▶ _Prompt_:
Transcribe each entry exactly, without pictures.

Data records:
------------------------------------------------

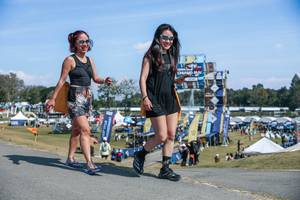 BIB: 
                            <button type="button" onclick="openModal(27564317)" class="btn btn-primary btn-sm float-right btn-popup" data-toggle="modal" data-target=".modal-high-quality">
                        <i class="fas fa-shopping-cart"></i> Add to Cart
                    </button>
                                            <button type="button" onclick="isThisMe(27564317, true)" class="btn btn-success btn-sm float-right btn-popup btn-isme hidden" data-toggle="tooltip" data-placement="bottom" title="นี่คือรูปของคุณใช่ไหม คลิกที่นี่เพื่อเอาเข้าอัลบั้ม">
                        <i class="fas fa-plus"></i> Add to album
                    </button>
                    <button type="button" onclick="isThisMe(27564317, false)" class="btn btn-warning btn-sm float-right btn-popup btn-isnotme hidden">
                        <i class="fas fa-ban"></i> Remove from album
                    </button>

------------------------------------------------

▶ _Task result_:
 BIB: 
                            <button type="button" onclick="openModal(27564317)" class="btn btn-primary btn-sm float-right btn-popup" data-toggle="modal" data-target=".modal-high-quality">
                        <i class="fas fa-shopping-cart"></i> Add to Cart
                    </button>
                                            <button type="button" onclick="isThisMe(27564317, true)" class="btn btn-success btn-sm float-right btn-popup btn-isme hidden" data-toggle="tooltip" data-placement="bottom" title="นี่คือรูปของคุณใช่ไหม คลิกที่นี่เพื่อเอาเข้าอัลบั้ม">
                        <i class="fas fa-plus"></i> Add to album
                    </button>
                    <button type="button" onclick="isThisMe(27564317, false)" class="btn btn-warning btn-sm float-right btn-popup btn-isnotme hidden">
                        <i class="fas fa-ban"></i> Remove from album
                    </button>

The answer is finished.